## Your instructions:
Copy the records below exactly, starting at the line that contains "Mackintosh | Vintage" and ending at the line that contains "T-Shirt mit Weed-Grafik – XL"; leave out any pictures.

## Listed records:

━━━━━━━━━━

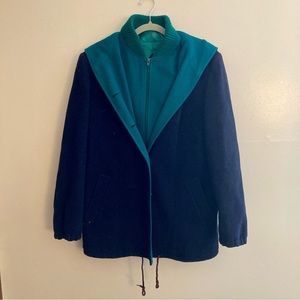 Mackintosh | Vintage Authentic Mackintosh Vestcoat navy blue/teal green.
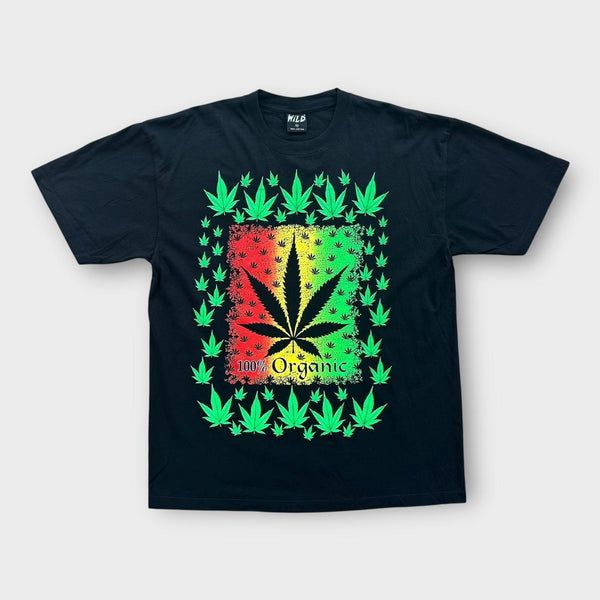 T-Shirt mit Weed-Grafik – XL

━━━━━━━━━━

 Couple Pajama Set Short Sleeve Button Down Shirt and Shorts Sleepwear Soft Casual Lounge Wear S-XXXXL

━━━━━━━━━━

## Solved problem:
 Mackintosh | Vintage Authentic Mackintosh Vestcoat navy blue/teal green.
 T-Shirt mit Weed-Grafik – XL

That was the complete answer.